▸ **THE DATA**:

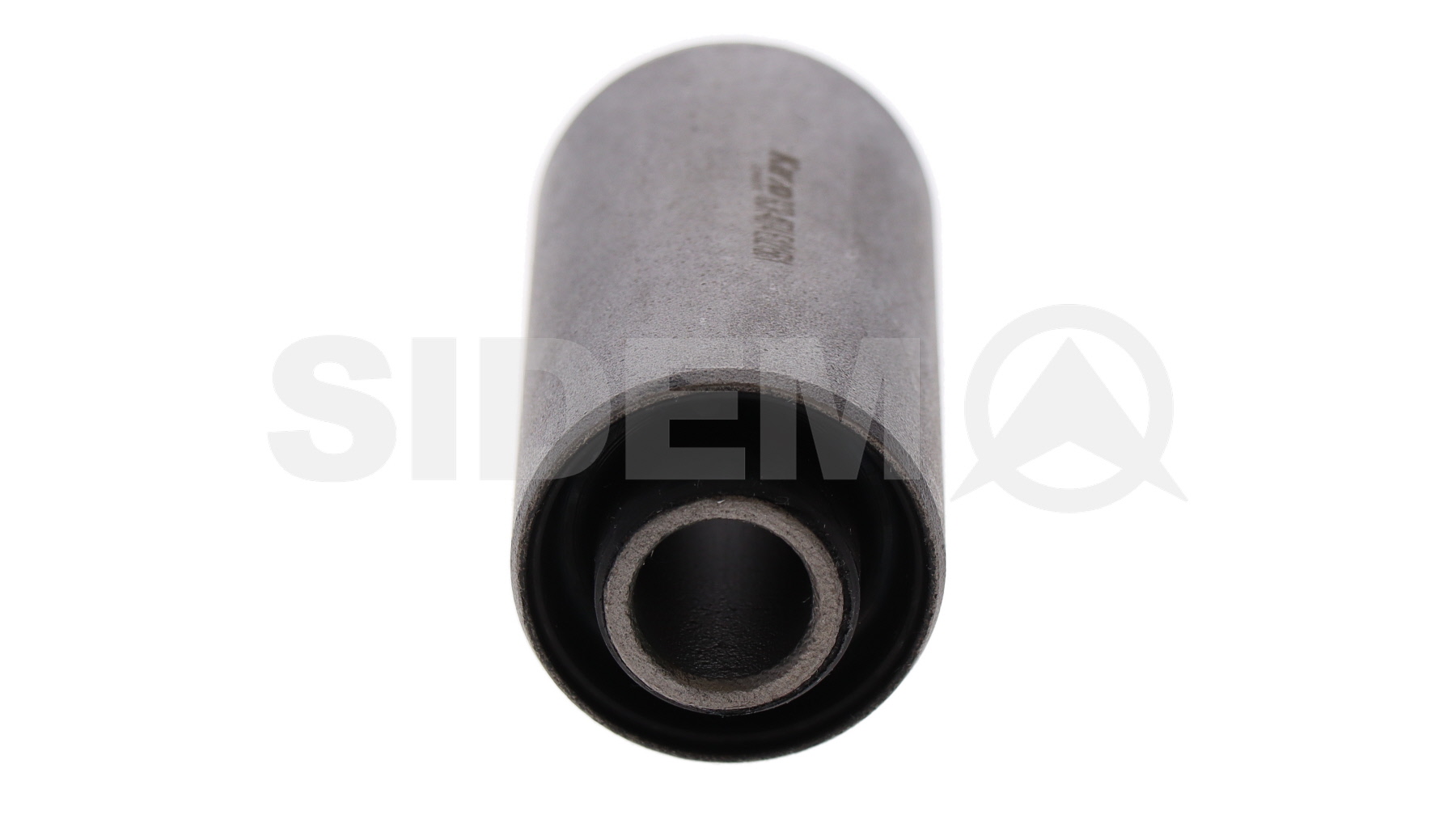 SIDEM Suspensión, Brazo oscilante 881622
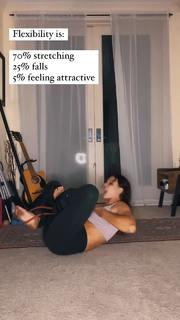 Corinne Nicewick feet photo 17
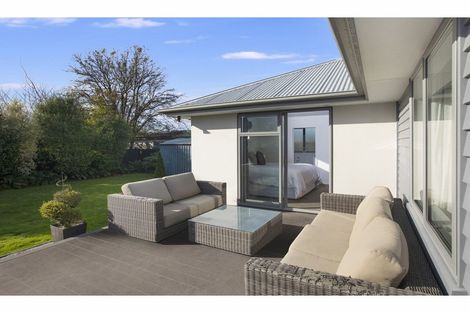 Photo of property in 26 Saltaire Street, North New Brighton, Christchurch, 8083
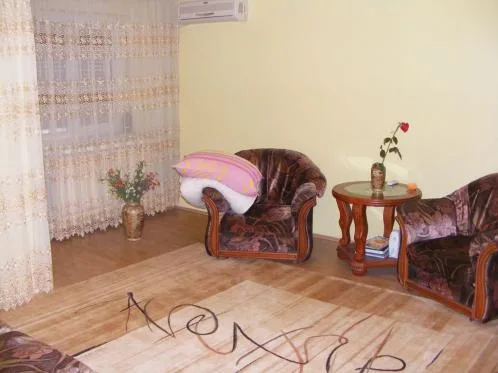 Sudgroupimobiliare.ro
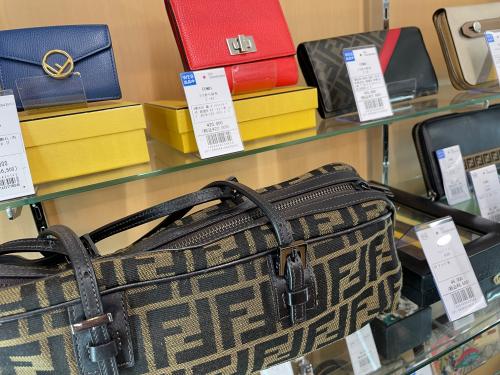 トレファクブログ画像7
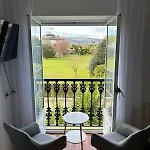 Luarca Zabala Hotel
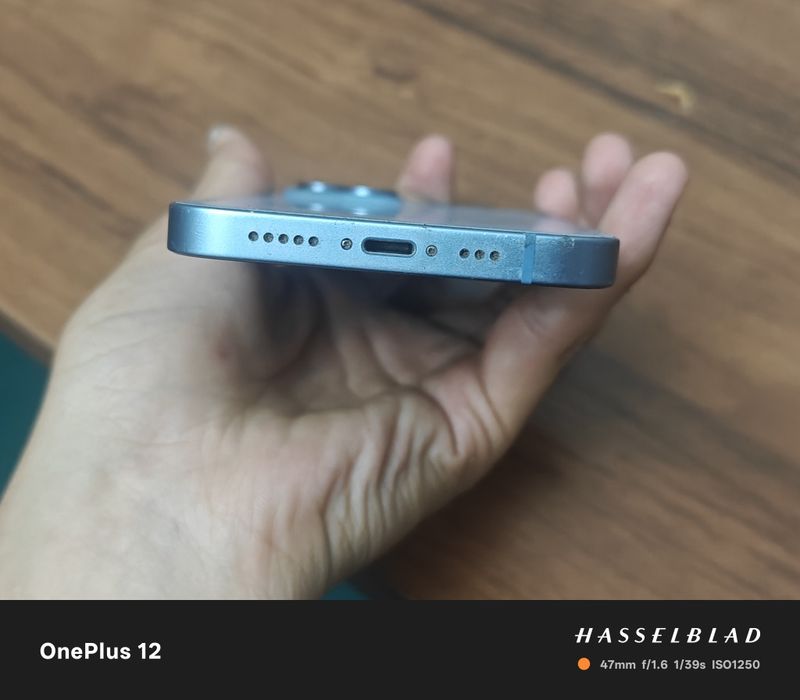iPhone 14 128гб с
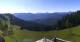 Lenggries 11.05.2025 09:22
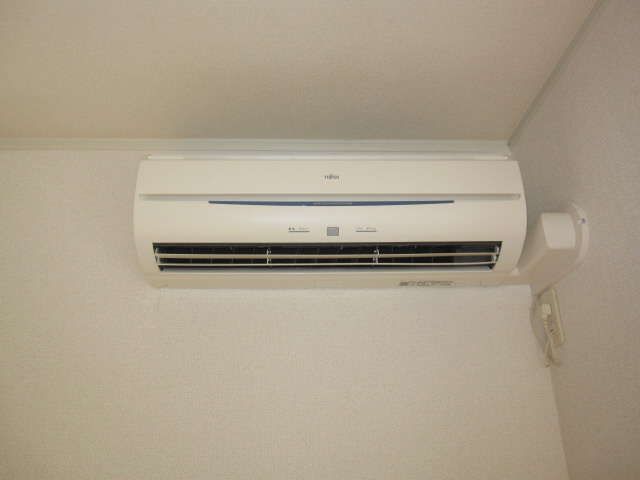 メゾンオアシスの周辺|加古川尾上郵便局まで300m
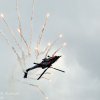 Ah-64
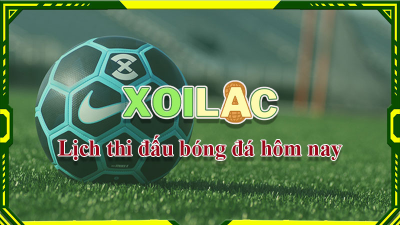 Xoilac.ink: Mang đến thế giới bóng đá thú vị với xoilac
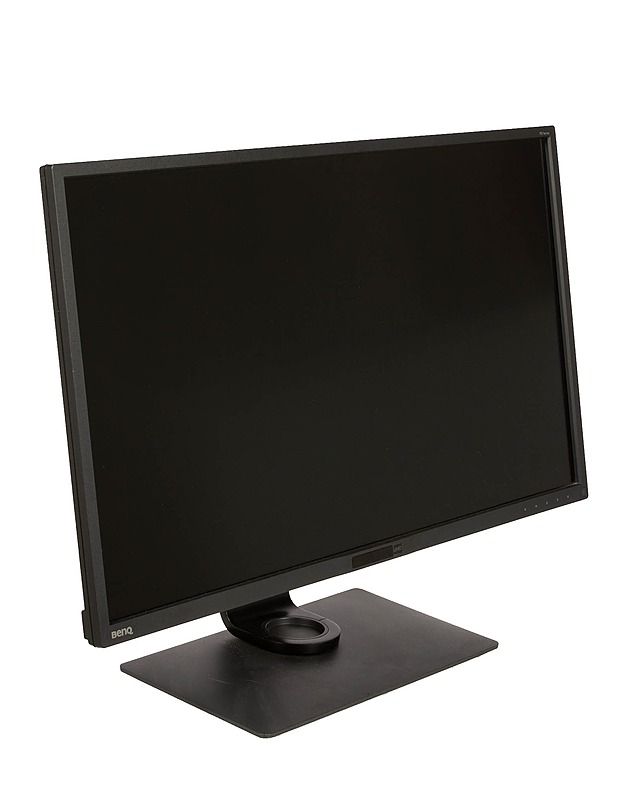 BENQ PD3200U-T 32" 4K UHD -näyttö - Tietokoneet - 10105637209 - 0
...
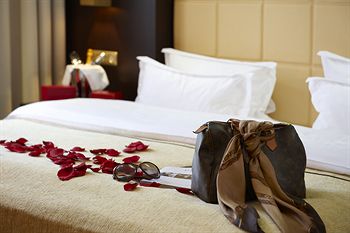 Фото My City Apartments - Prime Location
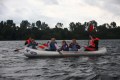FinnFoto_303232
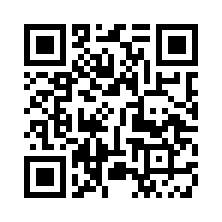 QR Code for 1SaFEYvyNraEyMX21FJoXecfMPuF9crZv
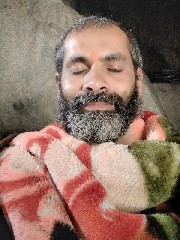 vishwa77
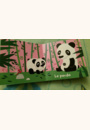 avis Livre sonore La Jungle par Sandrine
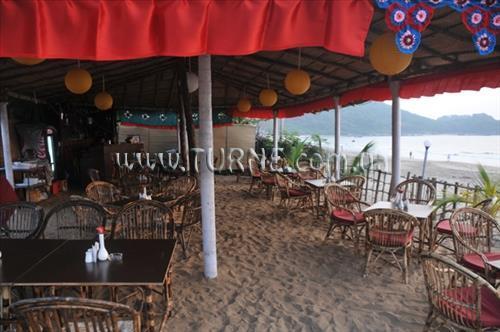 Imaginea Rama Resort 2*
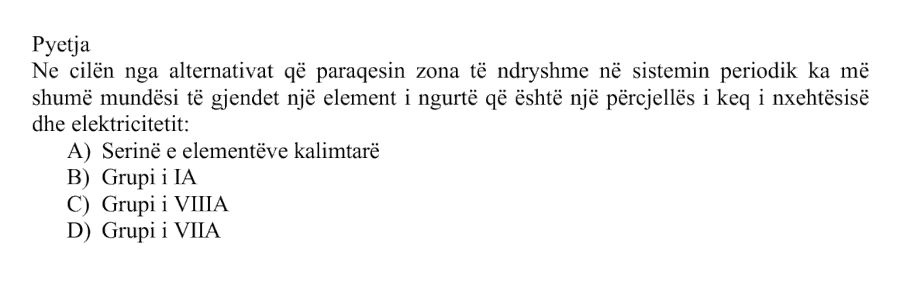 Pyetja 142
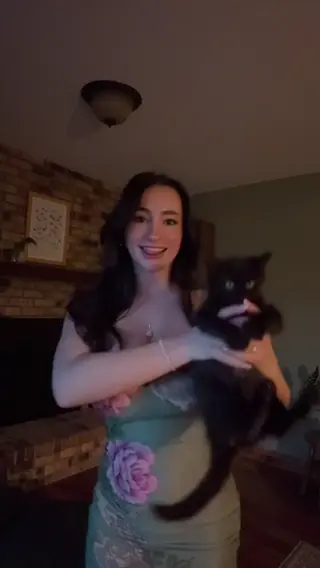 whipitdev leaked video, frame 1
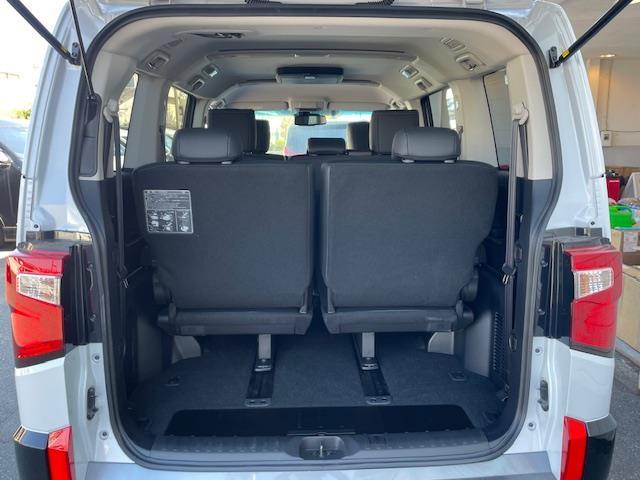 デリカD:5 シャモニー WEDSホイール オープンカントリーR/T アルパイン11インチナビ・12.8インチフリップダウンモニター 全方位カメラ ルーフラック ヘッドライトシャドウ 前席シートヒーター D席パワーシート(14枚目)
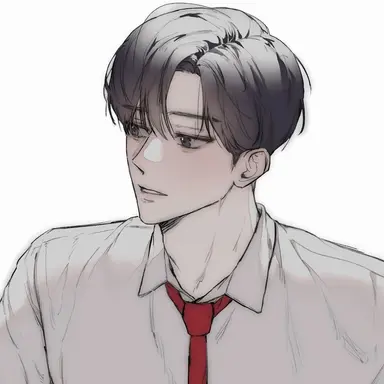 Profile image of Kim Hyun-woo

▸ **TASK PROMPT**: The answer is the lines of the material above, from the one containing "SIDEM Suspensión, Brazo oscilante 881622" down to the one containing "10105637209 - 0", given exactly and without images.

▸ **EXERCISE RESULT**:
 SIDEM Suspensión, Brazo oscilante 881622
 Corinne Nicewick feet photo 17
 Photo of property in 26 Saltaire Street, North New Brighton, Christchurch, 8083
 Sudgroupimobiliare.ro
 トレファクブログ画像7
 Luarca Zabala Hotel
iPhone 14 128гб с
 Lenggries 11.05.2025 09:22
 メゾンオアシスの周辺|加古川尾上郵便局まで300m
 Ah-64
 Xoilac.ink: Mang đến thế giới bóng đá thú vị với xoilac
 BENQ PD3200U-T 32" 4K UHD -näyttö - Tietokoneet - 10105637209 - 0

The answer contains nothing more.